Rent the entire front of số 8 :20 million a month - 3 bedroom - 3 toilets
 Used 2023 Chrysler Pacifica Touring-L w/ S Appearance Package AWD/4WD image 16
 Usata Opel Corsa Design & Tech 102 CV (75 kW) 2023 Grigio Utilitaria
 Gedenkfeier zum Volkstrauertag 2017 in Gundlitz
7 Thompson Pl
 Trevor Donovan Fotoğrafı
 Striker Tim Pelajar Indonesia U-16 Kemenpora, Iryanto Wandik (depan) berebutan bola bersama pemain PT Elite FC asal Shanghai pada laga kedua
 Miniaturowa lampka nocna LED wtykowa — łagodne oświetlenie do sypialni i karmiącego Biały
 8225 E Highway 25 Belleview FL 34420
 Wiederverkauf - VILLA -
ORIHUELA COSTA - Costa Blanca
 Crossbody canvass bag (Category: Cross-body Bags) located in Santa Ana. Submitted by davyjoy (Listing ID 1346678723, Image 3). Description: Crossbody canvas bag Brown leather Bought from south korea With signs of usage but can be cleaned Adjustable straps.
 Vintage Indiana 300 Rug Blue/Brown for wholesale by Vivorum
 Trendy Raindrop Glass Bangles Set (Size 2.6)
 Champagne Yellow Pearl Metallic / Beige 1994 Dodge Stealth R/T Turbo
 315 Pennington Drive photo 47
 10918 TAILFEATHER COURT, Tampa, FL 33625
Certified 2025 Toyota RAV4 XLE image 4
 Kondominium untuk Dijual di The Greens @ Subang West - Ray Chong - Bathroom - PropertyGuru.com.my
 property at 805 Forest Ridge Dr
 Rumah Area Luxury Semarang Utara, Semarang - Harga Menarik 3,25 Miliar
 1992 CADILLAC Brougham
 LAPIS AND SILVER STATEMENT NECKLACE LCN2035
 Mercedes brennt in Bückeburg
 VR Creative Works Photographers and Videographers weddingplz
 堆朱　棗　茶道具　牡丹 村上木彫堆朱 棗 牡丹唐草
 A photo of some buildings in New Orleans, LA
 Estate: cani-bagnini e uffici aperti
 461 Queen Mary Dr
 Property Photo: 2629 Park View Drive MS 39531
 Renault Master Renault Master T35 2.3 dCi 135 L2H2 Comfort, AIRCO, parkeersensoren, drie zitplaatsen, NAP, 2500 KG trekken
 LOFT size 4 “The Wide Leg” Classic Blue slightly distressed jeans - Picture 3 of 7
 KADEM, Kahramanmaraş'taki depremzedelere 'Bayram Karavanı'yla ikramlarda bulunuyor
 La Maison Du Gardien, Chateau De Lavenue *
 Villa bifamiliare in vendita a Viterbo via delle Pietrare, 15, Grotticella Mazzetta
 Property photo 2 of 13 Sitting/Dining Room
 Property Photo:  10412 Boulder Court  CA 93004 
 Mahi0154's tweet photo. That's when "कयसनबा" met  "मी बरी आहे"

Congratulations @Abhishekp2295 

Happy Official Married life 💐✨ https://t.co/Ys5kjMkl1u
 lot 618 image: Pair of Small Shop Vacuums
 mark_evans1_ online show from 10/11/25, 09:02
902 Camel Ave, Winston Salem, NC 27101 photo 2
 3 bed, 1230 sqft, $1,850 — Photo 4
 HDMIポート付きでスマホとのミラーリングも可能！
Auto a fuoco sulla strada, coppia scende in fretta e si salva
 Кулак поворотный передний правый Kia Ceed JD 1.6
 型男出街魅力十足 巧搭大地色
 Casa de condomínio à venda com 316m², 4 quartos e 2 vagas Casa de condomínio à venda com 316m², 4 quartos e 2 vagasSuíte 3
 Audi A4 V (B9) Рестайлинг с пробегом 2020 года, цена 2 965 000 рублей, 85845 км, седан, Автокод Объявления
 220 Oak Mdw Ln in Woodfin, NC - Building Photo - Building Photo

▸ Task objective:
Taking the entries above, restate exactly those lines that fall between the line with "Mahi0154's tweet photo." and the line with "Auto a fuoco", keeping both of those lines too.

▸ Exercise response:
 Mahi0154's tweet photo. That's when "कयसनबा" met  "मी बरी आहे"

Congratulations @Abhishekp2295 

Happy Official Married life 💐✨ https://t.co/Ys5kjMkl1u
 lot 618 image: Pair of Small Shop Vacuums
 mark_evans1_ online show from 10/11/25, 09:02
902 Camel Ave, Winston Salem, NC 27101 photo 2
 3 bed, 1230 sqft, $1,850 — Photo 4
 HDMIポート付きでスマホとのミラーリングも可能！
Auto a fuoco sulla strada, coppia scende in fretta e si salva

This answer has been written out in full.